The trials will be used to test the feasibility of road pricing, measuring the impact on congestion and more importantly the resistance among drivers - the majority who have so far opposed any nationwide road pricing scheme.
Drivers in Greater Manchester, West Midlands, Wolverhampton and Coventry, East Midlands, Derby and Nottingham, Tyne & Wear, Durham, Bristol, Reading, Cambridge, Shrewsbury and Norwich could be the first to experience the new system of road pricing, but not before 2012 at the earliest.
Transport secretary Douglas Alexander said a local scheme would give the government a better idea of how national road pricing could work in the future.
'It's only on the evidence of these established schemes that any decision on national road pricing would be made,' he said.
The Liberal Democrats called on the government to be 'open and honest' about any plans to push forward with road pricing.
Lib Dem transport spokesman Alistair Carmichael said motorists must not pay more overall.

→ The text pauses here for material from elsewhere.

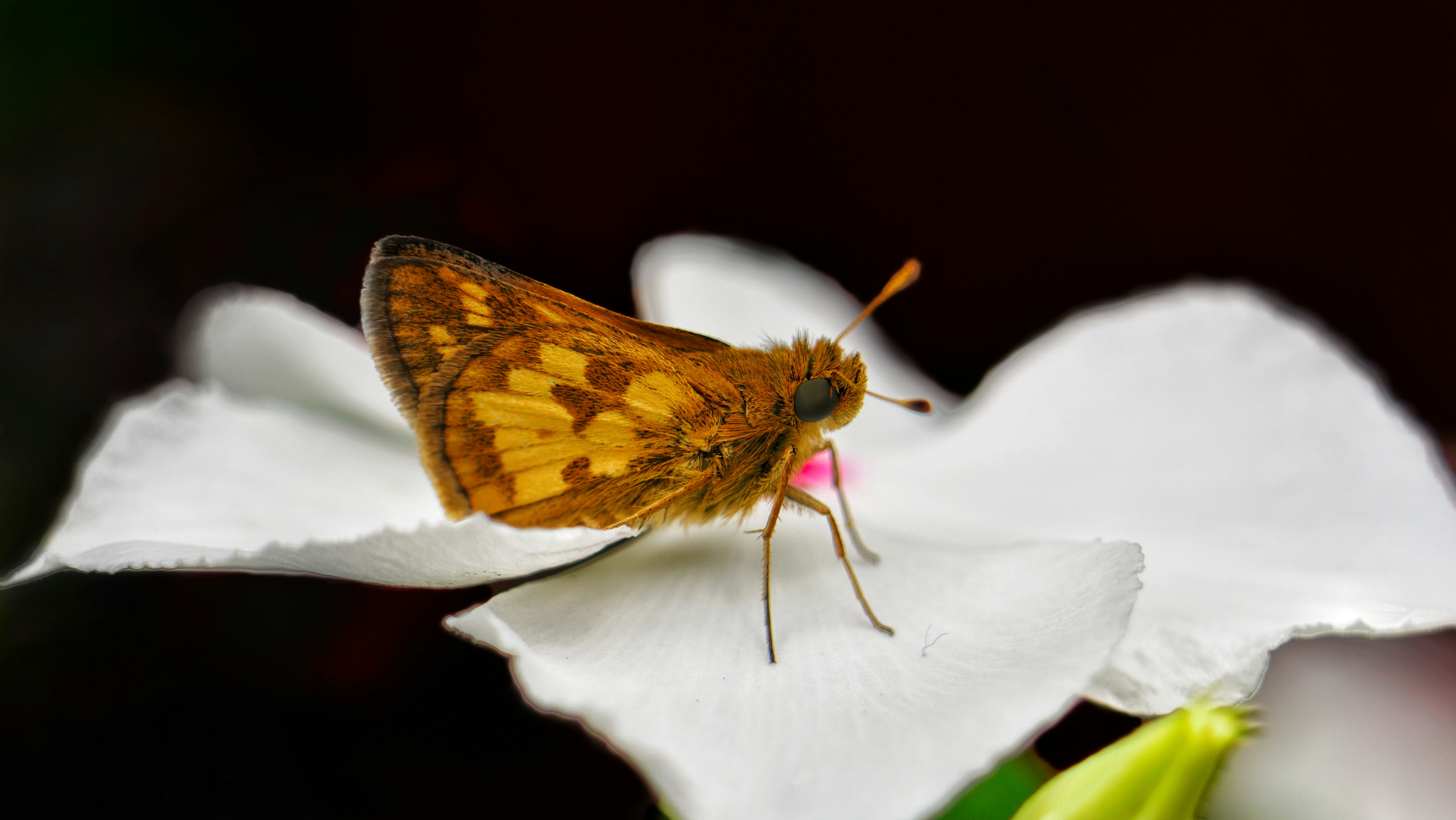 a close up of a butterfly on a flower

'If the public feel that road user pricing is just another cash cow for the Treasury, then it will meet stiff resistance and a real opportunity to reduce congestion will be missed,' he said.
The draft road pricing bill also contains measures to give local authorities more power to regulate bus services, including the power to set fares, bus frequencies and timetables.
The Lib Dems said such powers were long overdue, reversing the 'bad Tory idea' of deregulation.